Am Vormittag des 17. Juni fuhr ich mit der S-Bahn nach Köpenick zur Arbeit. Ich hatte keine Eile, denn an diesem Tage begann mein Unterricht erst zur dritten Stunde. Beim Umsteigen am Bahnhof Ostkreuz waren mir schon einige Unregelmäßigkeiten bei den Durchsagen aufgefallen, aber ich schob das auf die möglichen Folgen eines eben zu Ende gegangenen fürchterlichen Sommergewitters über der Stadt. Im S-Bahnhof Karlshorst hieß es plötzlich: „Alles aussteigen, der Zug endet hier!“ Verwundert stiegen die Menschen aus, einige verließen den Bahnhof. Ich hatte vor, mit der Straßenbahn weiter nach Köpenick zu fahren, aber es kam keine. Also marschierte ich in Richtung Schöneweide, dann weiter nach Köpenick, denn die Berufsschule lag in Berlin-Grünau. Es wurde ein langer Weg. In Oberschöneweide kamen mir marschierende Kolonnen, offensichtlich Arbeiter und Angestellte des Transformatorenwerkes, in Zehnerreihen auf der Straße stadteinwärts entgegen. Sie führten Transparente bei sich mit Forderungen nach mehr Lohn, Rücknahme der Arbeitsnormen, aber von Forderungen nach Rücktritt der Regierung oder freien Wahlen ist mir nichts in Erinnerung. Als ich an ihnen vorüberging, winkten sie mir zu und riefen: „Los, komm mit, wir streiken!“ Ich dachte jedoch an meine wartenden Schüler und setzte meinen rund 15 km langen Weg fort. Gegen Mittag war ich am Ziel. Als ich mich beim Schulleiter wegen der Verspätung entschuldigte, winkte der bloß ab. „Ist schon gut, Kollege Peters, sie waren der letzte, der noch fehlte. Wissen sie nicht, dass wir inzwischen Belagerungszustand in Berlin haben? Jetzt kann ich dem Schulrat melden, dass alle Berufsschüler, die Ausbilder der Lehrwerkstatt und alle Lehrer vollzählig anwesend sind. Aber wir müssen die Schüler jetzt nach Hause schicken und zwar einzeln, denn Bewegungen von Gruppen auf der Straße sind ausdrücklich verboten.“ Wir Lehrer blieben noch einige Zeit in der Schule, hörten Radio und begriffen nach und nach den Ernst der Lage. Dann gingen auch wir nach Hause, für mich bedeutete das erneut einen langen Marsch, diesmal durch die ganze Stadt bis nach Prenzlauer Berg.

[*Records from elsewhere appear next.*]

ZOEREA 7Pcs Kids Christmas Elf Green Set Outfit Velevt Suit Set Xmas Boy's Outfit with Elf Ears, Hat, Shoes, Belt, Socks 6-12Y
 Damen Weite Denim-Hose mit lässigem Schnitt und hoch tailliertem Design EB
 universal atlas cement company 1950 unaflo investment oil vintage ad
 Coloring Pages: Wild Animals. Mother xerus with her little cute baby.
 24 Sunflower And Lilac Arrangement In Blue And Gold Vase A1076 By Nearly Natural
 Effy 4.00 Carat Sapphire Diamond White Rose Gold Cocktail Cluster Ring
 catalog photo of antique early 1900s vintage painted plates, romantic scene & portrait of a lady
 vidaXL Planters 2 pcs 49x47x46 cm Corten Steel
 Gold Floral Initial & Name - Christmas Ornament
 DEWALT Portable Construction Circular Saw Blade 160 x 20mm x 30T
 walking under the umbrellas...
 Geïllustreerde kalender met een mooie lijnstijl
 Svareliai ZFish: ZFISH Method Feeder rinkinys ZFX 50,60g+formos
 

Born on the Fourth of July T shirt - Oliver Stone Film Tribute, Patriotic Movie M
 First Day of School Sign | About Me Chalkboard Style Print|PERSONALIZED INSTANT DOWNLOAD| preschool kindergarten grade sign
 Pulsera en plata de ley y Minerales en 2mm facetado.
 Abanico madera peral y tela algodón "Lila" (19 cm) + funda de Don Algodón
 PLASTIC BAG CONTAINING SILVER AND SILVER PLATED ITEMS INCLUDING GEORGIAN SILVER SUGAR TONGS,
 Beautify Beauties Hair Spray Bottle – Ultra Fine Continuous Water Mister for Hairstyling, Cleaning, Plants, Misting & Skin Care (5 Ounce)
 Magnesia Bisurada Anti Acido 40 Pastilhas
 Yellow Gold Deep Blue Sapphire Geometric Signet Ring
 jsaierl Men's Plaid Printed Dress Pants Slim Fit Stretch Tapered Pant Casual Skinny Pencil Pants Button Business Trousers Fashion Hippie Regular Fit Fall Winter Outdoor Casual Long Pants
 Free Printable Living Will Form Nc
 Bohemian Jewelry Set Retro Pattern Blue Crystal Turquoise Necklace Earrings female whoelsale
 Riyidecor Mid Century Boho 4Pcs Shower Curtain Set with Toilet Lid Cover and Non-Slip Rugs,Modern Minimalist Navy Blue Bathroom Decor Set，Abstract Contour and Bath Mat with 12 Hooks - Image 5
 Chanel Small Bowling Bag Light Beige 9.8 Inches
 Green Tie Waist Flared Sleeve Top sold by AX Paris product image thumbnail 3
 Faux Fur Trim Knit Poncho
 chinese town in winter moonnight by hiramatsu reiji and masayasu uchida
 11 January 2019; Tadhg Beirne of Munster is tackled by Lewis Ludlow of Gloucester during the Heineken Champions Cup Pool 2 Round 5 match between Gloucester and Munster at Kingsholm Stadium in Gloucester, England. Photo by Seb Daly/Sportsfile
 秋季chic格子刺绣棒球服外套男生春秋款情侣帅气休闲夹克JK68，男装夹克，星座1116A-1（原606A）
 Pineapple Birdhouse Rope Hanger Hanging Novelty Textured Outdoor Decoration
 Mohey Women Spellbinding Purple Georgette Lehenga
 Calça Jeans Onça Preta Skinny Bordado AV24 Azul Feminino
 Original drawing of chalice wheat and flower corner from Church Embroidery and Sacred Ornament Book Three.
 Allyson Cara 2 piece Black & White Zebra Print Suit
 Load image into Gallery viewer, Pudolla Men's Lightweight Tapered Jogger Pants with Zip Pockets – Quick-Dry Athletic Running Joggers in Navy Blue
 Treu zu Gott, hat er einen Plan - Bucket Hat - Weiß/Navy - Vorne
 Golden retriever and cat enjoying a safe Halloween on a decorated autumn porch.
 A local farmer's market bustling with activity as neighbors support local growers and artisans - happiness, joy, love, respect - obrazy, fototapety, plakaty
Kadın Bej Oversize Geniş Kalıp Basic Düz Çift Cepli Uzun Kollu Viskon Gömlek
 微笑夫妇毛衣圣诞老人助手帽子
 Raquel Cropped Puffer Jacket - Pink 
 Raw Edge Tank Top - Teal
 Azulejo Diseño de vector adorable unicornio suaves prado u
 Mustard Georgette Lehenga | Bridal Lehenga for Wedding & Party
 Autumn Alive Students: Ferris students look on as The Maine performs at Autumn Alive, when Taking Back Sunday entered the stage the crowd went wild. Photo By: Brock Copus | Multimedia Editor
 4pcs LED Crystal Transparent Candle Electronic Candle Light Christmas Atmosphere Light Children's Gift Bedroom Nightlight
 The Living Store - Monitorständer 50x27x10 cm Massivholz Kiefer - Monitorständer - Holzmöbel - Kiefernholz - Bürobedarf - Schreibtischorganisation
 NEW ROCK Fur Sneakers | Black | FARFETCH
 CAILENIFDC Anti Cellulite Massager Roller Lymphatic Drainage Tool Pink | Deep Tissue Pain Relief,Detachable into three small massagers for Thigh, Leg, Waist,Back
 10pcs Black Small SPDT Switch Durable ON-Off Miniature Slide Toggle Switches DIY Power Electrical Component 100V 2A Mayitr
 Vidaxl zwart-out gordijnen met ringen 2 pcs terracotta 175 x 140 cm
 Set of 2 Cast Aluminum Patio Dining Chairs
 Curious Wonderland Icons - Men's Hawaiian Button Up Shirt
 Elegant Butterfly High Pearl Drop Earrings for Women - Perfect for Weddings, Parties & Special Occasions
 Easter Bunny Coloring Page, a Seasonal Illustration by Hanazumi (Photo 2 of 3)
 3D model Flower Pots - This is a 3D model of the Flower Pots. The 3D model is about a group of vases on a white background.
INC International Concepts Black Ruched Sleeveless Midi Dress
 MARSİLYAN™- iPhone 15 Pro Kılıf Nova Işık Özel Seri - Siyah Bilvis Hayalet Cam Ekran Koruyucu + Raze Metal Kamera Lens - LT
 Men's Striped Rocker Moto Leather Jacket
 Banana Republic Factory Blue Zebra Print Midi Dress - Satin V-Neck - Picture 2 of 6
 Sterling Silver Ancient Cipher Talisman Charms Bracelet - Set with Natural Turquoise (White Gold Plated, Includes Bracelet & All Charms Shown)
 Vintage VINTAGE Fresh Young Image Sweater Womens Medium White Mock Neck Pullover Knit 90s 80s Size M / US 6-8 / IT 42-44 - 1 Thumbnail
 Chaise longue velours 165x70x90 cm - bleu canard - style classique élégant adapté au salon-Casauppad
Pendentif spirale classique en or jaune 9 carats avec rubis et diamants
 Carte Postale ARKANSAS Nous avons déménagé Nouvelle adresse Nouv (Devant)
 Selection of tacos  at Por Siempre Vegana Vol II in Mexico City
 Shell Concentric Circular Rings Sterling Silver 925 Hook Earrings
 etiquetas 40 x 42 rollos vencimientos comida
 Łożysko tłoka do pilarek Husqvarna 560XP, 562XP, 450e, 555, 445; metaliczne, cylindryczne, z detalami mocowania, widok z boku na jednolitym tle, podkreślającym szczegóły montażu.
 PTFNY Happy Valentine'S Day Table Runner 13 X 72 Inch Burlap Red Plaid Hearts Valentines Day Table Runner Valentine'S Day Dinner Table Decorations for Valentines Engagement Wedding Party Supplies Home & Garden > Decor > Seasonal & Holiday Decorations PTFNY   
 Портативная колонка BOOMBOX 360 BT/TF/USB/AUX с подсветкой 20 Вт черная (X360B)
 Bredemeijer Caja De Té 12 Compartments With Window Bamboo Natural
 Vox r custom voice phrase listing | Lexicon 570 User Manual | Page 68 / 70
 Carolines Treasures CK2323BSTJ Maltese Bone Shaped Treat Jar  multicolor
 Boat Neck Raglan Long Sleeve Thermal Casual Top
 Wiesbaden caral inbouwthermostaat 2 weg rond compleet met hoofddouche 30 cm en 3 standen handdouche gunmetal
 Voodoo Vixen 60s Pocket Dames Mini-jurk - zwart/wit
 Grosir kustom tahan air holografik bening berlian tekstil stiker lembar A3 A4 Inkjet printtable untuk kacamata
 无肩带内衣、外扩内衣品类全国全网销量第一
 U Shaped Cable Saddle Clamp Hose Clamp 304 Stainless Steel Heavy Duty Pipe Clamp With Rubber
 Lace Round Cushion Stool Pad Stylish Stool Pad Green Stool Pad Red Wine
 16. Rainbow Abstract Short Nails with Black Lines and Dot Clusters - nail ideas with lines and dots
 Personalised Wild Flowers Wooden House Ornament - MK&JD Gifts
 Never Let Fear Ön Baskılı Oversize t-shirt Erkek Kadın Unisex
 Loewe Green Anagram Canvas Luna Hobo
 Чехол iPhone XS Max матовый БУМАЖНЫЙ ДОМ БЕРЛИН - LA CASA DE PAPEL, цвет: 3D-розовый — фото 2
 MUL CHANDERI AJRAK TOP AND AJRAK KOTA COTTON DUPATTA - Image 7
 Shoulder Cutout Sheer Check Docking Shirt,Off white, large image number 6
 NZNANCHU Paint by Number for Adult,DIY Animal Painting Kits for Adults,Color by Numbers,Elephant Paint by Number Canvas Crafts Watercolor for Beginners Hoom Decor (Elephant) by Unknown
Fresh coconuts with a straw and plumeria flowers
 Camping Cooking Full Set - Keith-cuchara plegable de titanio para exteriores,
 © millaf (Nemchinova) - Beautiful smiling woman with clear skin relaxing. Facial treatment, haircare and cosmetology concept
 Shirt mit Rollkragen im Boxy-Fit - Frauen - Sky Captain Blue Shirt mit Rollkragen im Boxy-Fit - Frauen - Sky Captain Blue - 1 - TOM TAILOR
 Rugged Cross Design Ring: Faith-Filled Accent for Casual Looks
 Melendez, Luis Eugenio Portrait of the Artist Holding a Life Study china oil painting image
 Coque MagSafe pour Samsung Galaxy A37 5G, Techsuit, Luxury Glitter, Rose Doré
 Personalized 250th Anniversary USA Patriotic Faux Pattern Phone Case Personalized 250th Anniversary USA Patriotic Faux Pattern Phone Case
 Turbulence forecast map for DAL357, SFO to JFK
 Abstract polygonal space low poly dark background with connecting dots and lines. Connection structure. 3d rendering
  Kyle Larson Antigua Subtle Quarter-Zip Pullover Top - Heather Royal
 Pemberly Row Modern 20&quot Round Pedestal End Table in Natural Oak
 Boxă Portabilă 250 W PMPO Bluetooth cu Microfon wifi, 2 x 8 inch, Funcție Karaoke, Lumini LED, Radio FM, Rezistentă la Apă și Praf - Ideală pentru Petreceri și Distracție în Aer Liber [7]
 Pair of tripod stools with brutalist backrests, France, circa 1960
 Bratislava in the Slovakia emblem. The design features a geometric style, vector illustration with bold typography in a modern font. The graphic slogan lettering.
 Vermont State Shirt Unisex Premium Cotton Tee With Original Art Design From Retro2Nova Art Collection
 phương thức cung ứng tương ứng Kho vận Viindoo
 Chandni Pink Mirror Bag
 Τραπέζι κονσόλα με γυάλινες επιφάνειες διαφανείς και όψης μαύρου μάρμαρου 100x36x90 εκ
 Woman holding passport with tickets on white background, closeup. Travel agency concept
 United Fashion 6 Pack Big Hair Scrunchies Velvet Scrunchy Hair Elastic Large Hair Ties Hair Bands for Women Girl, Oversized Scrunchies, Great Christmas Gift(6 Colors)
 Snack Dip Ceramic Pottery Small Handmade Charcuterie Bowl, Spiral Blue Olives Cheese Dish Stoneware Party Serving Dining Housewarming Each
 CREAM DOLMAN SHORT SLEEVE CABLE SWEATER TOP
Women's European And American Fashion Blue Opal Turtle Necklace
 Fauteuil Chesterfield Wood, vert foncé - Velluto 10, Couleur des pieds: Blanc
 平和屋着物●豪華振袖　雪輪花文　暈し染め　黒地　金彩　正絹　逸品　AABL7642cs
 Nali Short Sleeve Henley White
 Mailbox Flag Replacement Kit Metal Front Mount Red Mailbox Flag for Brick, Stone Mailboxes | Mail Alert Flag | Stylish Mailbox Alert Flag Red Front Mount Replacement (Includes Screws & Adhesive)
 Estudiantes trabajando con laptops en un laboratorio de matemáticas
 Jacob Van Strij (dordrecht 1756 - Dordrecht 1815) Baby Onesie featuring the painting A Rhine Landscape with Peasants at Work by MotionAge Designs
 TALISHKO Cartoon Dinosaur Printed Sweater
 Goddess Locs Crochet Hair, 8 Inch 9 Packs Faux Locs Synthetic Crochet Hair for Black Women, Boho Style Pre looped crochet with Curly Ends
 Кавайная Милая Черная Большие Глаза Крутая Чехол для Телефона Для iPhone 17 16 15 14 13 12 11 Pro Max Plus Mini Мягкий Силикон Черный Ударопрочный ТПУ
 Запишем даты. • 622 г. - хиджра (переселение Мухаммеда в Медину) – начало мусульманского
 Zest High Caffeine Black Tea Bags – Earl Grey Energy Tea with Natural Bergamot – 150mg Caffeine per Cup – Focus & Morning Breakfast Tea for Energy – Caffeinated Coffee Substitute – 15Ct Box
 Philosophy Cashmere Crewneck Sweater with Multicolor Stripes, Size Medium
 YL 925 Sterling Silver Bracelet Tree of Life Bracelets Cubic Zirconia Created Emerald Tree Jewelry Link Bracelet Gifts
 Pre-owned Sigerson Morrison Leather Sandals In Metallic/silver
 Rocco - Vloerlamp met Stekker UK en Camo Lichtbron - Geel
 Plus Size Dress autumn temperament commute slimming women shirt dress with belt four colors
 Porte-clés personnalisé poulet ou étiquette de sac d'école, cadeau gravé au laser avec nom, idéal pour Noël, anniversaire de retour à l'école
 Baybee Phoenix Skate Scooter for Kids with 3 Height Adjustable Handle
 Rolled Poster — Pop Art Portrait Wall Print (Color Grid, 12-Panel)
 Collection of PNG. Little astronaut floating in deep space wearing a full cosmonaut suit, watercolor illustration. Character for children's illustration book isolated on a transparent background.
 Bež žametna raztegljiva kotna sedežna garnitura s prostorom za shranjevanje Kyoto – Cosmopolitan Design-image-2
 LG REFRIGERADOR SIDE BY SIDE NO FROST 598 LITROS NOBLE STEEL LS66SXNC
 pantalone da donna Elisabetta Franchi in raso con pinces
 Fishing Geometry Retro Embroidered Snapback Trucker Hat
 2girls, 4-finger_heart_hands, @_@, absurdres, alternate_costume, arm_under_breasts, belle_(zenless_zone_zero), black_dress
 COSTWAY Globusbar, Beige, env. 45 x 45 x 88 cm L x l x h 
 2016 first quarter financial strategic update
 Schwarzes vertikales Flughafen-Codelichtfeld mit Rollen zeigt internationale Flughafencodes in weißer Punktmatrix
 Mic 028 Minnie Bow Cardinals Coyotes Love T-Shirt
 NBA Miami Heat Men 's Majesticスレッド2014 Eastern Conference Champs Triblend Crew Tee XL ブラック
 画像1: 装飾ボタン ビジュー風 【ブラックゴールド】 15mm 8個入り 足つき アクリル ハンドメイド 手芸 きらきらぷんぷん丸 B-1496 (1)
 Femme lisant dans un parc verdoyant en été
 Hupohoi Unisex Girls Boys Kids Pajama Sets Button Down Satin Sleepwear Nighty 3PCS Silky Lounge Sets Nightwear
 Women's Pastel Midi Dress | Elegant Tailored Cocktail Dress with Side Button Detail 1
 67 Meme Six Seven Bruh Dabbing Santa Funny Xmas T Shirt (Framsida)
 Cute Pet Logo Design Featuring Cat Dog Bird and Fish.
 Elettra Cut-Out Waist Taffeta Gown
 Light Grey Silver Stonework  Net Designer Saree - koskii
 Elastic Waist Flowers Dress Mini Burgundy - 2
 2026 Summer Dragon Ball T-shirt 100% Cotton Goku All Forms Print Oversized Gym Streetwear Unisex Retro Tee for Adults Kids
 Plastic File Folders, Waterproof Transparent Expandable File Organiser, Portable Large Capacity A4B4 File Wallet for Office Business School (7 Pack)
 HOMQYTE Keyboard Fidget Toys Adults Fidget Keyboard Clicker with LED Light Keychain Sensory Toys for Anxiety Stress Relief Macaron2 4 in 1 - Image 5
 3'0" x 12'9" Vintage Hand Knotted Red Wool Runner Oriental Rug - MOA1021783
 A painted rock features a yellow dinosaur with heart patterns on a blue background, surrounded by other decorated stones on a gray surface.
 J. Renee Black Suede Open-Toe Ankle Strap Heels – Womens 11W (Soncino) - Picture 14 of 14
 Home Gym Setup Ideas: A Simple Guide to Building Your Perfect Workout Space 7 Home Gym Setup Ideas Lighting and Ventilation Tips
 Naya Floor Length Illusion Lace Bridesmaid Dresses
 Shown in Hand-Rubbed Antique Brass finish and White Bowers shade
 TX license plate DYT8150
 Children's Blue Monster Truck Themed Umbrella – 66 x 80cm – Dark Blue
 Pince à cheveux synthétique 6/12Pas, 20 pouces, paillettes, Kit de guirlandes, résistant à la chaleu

Auf dem Rückweg sah ich im Stadtzentrum sowjetische Truppenteile, teils zu Fuß, teils aufgesessen auf den Panzern. Die Lage war ruhig, aber angespannt. Ich machte nur noch einen kurzen Besuch bei Lorchen und ihrer Familie. Aber ich musste um 20 Uhr zu Hause sein, denn abends herrschte Ausgangssperre. Nach wenigen Tagen war alles vorbei.

Die Revolte der Arbeiter samt ihrer spontanen Streiks war gescheitert. Stalin war zwar tot, aber Moskau ließ die DDR nicht aus seinem Einflussbereich. Die Regierung in Berlin wusste die Panzer und Bajonette der sowjetischen Armee hinter sich. Der Westen hatte die Botschaft vernommen, dass die Machtverhältnisse in der DDR nur zu ändern waren, wenn man bereit war, einen Dritten Weltkrieg zu riskieren. Der Status quo blieb erhalten. Für die DDR-Bevölkerung gab es in der Folge einige wirtschaftliche Verbesserungen, die Sowjets fuhren ihre Reparationspolitik deutlich zurück. Otto Grotewohls „Politik des Neuen Kurses“ zeigte Wirkung und große Teile der Bevölkerung begannen, sich endgültig mit Partei und Regierung zu arrangieren. Im Westen begnügte man sich mit der Feststellung, dass alliierte Interessen nicht beeinträchtigt waren und ging zur Tagesordnung über.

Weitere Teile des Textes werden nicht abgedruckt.